What you will do » Output all of the entries beneath, exactly as written.

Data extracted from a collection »
+--
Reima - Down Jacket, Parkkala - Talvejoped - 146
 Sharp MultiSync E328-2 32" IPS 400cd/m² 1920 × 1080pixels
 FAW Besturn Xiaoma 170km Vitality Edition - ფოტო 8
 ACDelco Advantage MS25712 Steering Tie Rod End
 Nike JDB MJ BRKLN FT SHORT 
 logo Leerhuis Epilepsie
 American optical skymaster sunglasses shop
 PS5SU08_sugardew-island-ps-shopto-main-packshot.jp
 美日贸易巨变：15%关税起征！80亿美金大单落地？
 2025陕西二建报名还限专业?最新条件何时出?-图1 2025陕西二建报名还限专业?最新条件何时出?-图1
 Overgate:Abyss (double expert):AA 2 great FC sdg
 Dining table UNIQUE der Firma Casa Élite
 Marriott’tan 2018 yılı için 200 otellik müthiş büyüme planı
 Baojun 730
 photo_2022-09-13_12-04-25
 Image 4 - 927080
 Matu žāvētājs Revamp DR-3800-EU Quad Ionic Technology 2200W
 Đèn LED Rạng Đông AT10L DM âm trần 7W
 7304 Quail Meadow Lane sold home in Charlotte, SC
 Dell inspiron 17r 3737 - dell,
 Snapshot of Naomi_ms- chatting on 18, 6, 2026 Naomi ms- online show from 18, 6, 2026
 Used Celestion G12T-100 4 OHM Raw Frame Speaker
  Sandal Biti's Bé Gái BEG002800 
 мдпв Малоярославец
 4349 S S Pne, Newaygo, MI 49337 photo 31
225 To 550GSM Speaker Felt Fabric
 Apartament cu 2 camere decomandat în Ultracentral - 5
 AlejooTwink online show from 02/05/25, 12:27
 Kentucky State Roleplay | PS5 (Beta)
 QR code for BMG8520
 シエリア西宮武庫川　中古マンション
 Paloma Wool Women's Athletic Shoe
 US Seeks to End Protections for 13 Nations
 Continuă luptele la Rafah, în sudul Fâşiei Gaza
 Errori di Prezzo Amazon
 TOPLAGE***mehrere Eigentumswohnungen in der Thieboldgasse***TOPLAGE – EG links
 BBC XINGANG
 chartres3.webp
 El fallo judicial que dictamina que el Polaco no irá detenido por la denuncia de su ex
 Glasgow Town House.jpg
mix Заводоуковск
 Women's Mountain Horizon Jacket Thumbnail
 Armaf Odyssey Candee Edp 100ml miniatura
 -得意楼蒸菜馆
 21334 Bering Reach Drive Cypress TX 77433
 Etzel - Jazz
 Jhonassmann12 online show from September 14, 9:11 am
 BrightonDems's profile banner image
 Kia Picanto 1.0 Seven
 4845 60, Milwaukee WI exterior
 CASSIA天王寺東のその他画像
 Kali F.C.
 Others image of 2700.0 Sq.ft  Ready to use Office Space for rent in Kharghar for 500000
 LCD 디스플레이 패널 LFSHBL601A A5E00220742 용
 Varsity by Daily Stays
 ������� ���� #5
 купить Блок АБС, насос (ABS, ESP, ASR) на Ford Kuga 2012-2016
+--
Output below »
Reima - Down Jacket, Parkkala - Talvejoped - 146
 Sharp MultiSync E328-2 32" IPS 400cd/m² 1920 × 1080pixels
 FAW Besturn Xiaoma 170km Vitality Edition - ფოტო 8
 ACDelco Advantage MS25712 Steering Tie Rod End
 Nike JDB MJ BRKLN FT SHORT 
 logo Leerhuis Epilepsie
 American optical skymaster sunglasses shop
 PS5SU08_sugardew-island-ps-shopto-main-packshot.jp
 美日贸易巨变：15%关税起征！80亿美金大单落地？
 2025陕西二建报名还限专业?最新条件何时出?-图1 2025陕西二建报名还限专业?最新条件何时出?-图1
 Overgate:Abyss (double expert):AA 2 great FC sdg
 Dining table UNIQUE der Firma Casa Élite
 Marriott’tan 2018 yılı için 200 otellik müthiş büyüme planı
 Baojun 730
 photo_2022-09-13_12-04-25
 Image 4 - 927080
 Matu žāvētājs Revamp DR-3800-EU Quad Ionic Technology 2200W
 Đèn LED Rạng Đông AT10L DM âm trần 7W
 7304 Quail Meadow Lane sold home in Charlotte, SC
 Dell inspiron 17r 3737 - dell,
 Snapshot of Naomi_ms- chatting on 18, 6, 2026 Naomi ms- online show from 18, 6, 2026
 Used Celestion G12T-100 4 OHM Raw Frame Speaker
  Sandal Biti's Bé Gái BEG002800 
 мдпв Малоярославец
 4349 S S Pne, Newaygo, MI 49337 photo 31
225 To 550GSM Speaker Felt Fabric
 Apartament cu 2 camere decomandat în Ultracentral - 5
 AlejooTwink online show from 02/05/25, 12:27
 Kentucky State Roleplay | PS5 (Beta)
 QR code for BMG8520
 シエリア西宮武庫川　中古マンション
 Paloma Wool Women's Athletic Shoe
 US Seeks to End Protections for 13 Nations
 Continuă luptele la Rafah, în sudul Fâşiei Gaza
 Errori di Prezzo Amazon
 TOPLAGE***mehrere Eigentumswohnungen in der Thieboldgasse***TOPLAGE – EG links
 BBC XINGANG
 chartres3.webp
 El fallo judicial que dictamina que el Polaco no irá detenido por la denuncia de su ex
 Glasgow Town House.jpg
mix Заводоуковск
 Women's Mountain Horizon Jacket Thumbnail
 Armaf Odyssey Candee Edp 100ml miniatura
 -得意楼蒸菜馆
 21334 Bering Reach Drive Cypress TX 77433
 Etzel - Jazz
 Jhonassmann12 online show from September 14, 9:11 am
 BrightonDems's profile banner image
 Kia Picanto 1.0 Seven
 4845 60, Milwaukee WI exterior
 CASSIA天王寺東のその他画像
 Kali F.C.
 Others image of 2700.0 Sq.ft  Ready to use Office Space for rent in Kharghar for 500000
 LCD 디스플레이 패널 LFSHBL601A A5E00220742 용
 Varsity by Daily Stays
 ������� ���� #5
 купить Блок АБС, насос (ABS, ESP, ASR) на Ford Kuga 2012-2016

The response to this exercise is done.